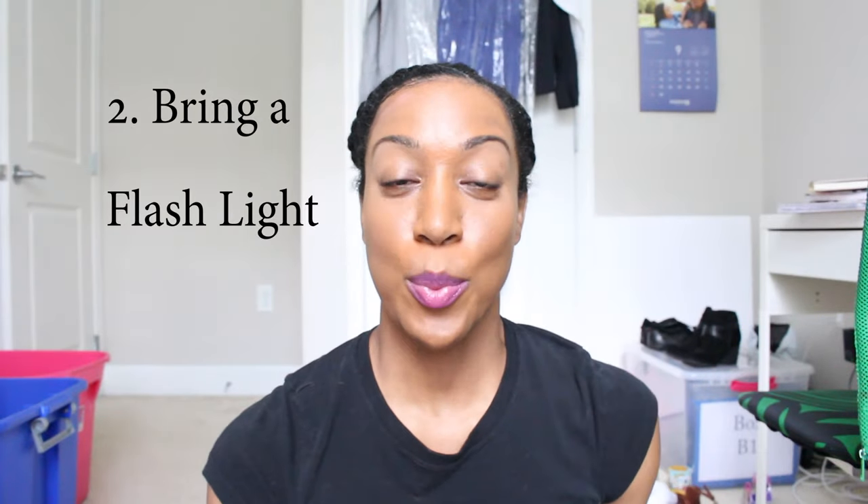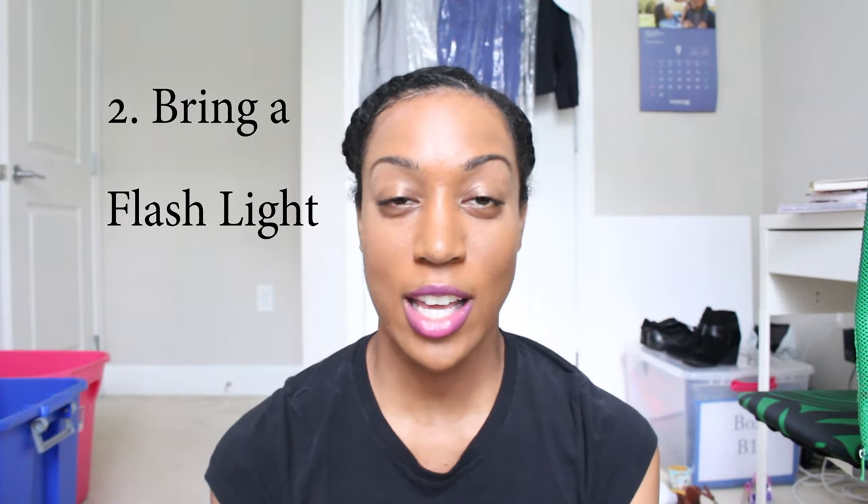Number two: bring a flashlight to set up. We used to use our car headlights, but you can't always park your car pointing toward your tables because at some flea markets you parallel park behind your space. So it's dark at 4 a.m. — bring flashlights so you can set up your poster boards and merchandise on the correct tables.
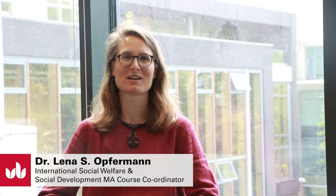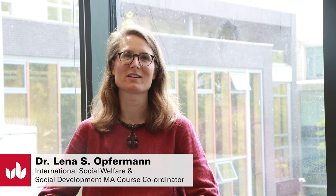Hi, I'm Dr. Lena Opferman. I'm a Senior Lecturer in Applied Social Studies and I'm the course coordinator of the Masters in International Social Welfare and Social Development.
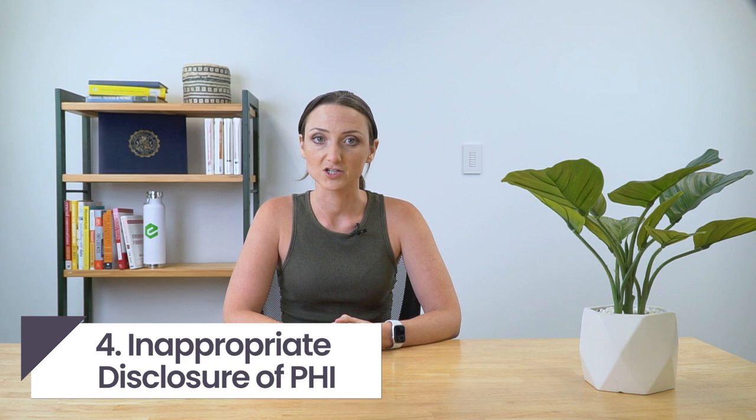Number four: inappropriate disclosure of PHI. This might seem obvious, but any disclosure of PHI which is not permitted under the HIPAA privacy rule is a direct violation. These slip-ups, whether intentional or not, often attract financial penalties. This includes any disclosures to a patient's employer for a purpose not intended by the privacy rule, disclosures following theft or loss of data, and careless handling of protected health information or disclosing information unnecessarily.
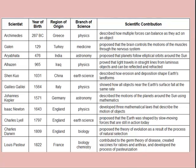You can see Archimedes. He was from Greece, a physicist, and he described how multiple forces can balance as they act on an object. Galen from Turkey was a medicine doctor and he proposed that the brain controls the motions of the muscles through the nervous system. Lots of different scientists have contributed — please take a look at the chart and pick some of the ones that you haven't seen before.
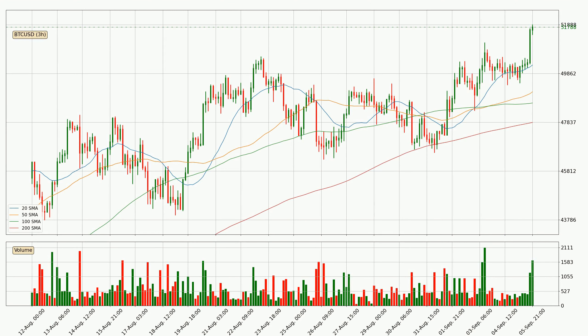Jumping to the three hourly simple moving averages, the current price is above all simple moving averages for this time interval, which looks bullish. It is to watch if the closest SMA, the 20 SMA, could hold support or the price will break it to the downside below the current price of around 50,215.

—————

§ Assignment:
Print out all the material word for word but exclude any images.

§ Answer space:
Number two: bring a flashlight to set up. We used to use our car headlights, but you can't always park your car pointing toward your tables because at some flea markets you parallel park behind your space. So it's dark at 4 a.m. — bring flashlights so you can set up your poster boards and merchandise on the correct tables.
Hi, I'm Dr. Lena Opferman. I'm a Senior Lecturer in Applied Social Studies and I'm the course coordinator of the Masters in International Social Welfare and Social Development.
Number four: inappropriate disclosure of PHI. This might seem obvious, but any disclosure of PHI which is not permitted under the HIPAA privacy rule is a direct violation. These slip-ups, whether intentional or not, often attract financial penalties. This includes any disclosures to a patient's employer for a purpose not intended by the privacy rule, disclosures following theft or loss of data, and careless handling of protected health information or disclosing information unnecessarily.
You can see Archimedes. He was from Greece, a physicist, and he described how multiple forces can balance as they act on an object. Galen from Turkey was a medicine doctor and he proposed that the brain controls the motions of the muscles through the nervous system. Lots of different scientists have contributed — please take a look at the chart and pick some of the ones that you haven't seen before.
Jumping to the three hourly simple moving averages, the current price is above all simple moving averages for this time interval, which looks bullish. It is to watch if the closest SMA, the 20 SMA, could hold support or the price will break it to the downside below the current price of around 50,215.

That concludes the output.